Gaby goes on the Camino de Santiago | Logroño, Spain

Earlier this fall, my friend Gaby walked along the ancient pilgrimage route, Camino de Santiago, and she sent me this photo from Logroño – the capital of La Rioja, which she says has “great wine and tapas (as well as being a lovely city)….”

So, I’m making a note to go and visit when I get the chance.

***This post is the first from a week-long series of friends’ photos from around the world and part of The Ground beneath their feet series.***


¿Qué es esto? | Barcelona, Spain

I saw these on Passeig de Gràcia during my last short trip to Barcelona, but can’t seem to find out any information about what they are.

Anyone know?

This time, even though I’ve photographed and written about them many times before, I couldn’t resist taking *yet another* picture of the beautiful, green-grey, Gaudí-designed tiles that line the boulevard’s sidewalks. I just can’t seem to get enough of them.

… and these tiles!


The French way | Montpellier, France

No, not that French way. Rather, what I’m referring to is the Camino Francés – the last stretch of the Via Regia and the most popular of the routes of the Way of Saint James, the ancient pilgrimage route to Santiago de Compostela in northwestern Spain, where the remains of Saint James are said to be buried.

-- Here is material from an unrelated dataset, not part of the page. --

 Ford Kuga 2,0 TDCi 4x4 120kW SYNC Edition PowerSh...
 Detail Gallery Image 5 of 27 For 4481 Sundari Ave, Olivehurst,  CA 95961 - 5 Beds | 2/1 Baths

The route has existed for over a thousand years: during the Middle Ages, it was one of the three most important Christian pilgrimages – together with those to Rome and Jerusalem, made by penance-seeking Christians; nowadays, it is on UNESCO’s World Heritage list and continues to attract hundreds of thousands of people every year, who walk, bike or even ride a donkey along it for religious, spiritual or recreational reasons. Technically, the Way of Saint James could start anywhere, from a major city or even from one’s front doorstep, as long as it ends at the city of Santiago de Compostela in Galicia. There are, however, several main and popular routes, of which the French Way is one.

Montpellier stands along the French Way and, as a reminder, many of the pavements in the central part of the city are dotted with brass markers, embedded into the ground. A scallop symbol is embossed into the markers, surrounded by the words Camin Roumieu (meaning ‘route of pilgrimage”) and Montpellier.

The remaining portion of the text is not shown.